Tot de grens?

NoortjevdMeulen 1 jun 2015

Altijd als we vroeger met het gezin op vakantie gingen was het beheren van alle paspoorten de taak van mijn vader.
Nog steeds vraag ik me af waarom hij die ene vakantie naar Tsjechië pas op enkele meters voor de naderende grens besloot te kijken naar de geldigheidsduur.
Wat achteloos bladerde hij door de paspoorten in zijn borstzak. Bij het paspoort van mijn moeder, waarop destijds nog drie van de vier kinderen waren bijgeschreven, bleef hij hangen: exact twee weken verlopen.

Met nog 15 seconden tot de slagboom te gaan moesten we concluderen dat nog niet eens de helft van het gezin op dat moment aan de vakantie kon beginnen.
En inderdaad, de Tsjechische grensbeambte was onvermurwbaar: we kwamen het land niet in.

Het bevriende gezin met wie we op vakantie zouden gaan stond in hun bestelbusje naast ons te wachten.

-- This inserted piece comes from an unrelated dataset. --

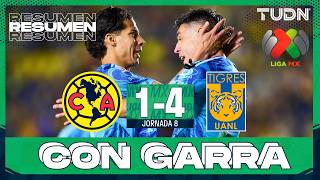 Highlights and goals - América 1-4 Tigres | Liga MX - Matchday 8 CL2026 | TUDN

Ook zij besloten vervolgens om te keren.
In een nabijgelegen grensdorpje bespraken we, na een verhitte discussie tussen m’n ouders over verantwoordelijkheidsgevoel, de situatie.
De lokale bevolking was duidelijk geïntrigeerd door de omstandigheden.
Ongevraagd en vol overgave somden ze op chronologische wijze celstraffen en boetes op met betrekking tot het illegaal passeren van de grens.

Hogelijk verbaasd was ik dan ook toen ik mijn moeder vervolgens hoorde vragen hoeveel ruimte er nog was naast de bagage in het laadruim van het bestelbusje.

Seriously mama??

Nog geen uur later zaten m’n moeder, m’n 2 zussen en ik onder een blauwe pluizige deken in het bestelbusje van onze vrienden en reden we langzaam terug naar dezelfde grens.
Tot enkele meters voor de grens kneep m’n moeder om de paar seconden in de benen van mij en m’n zussen om te vragen of we nog ademden.
Werd er niet direct geantwoord, dan kneep ze nog harder.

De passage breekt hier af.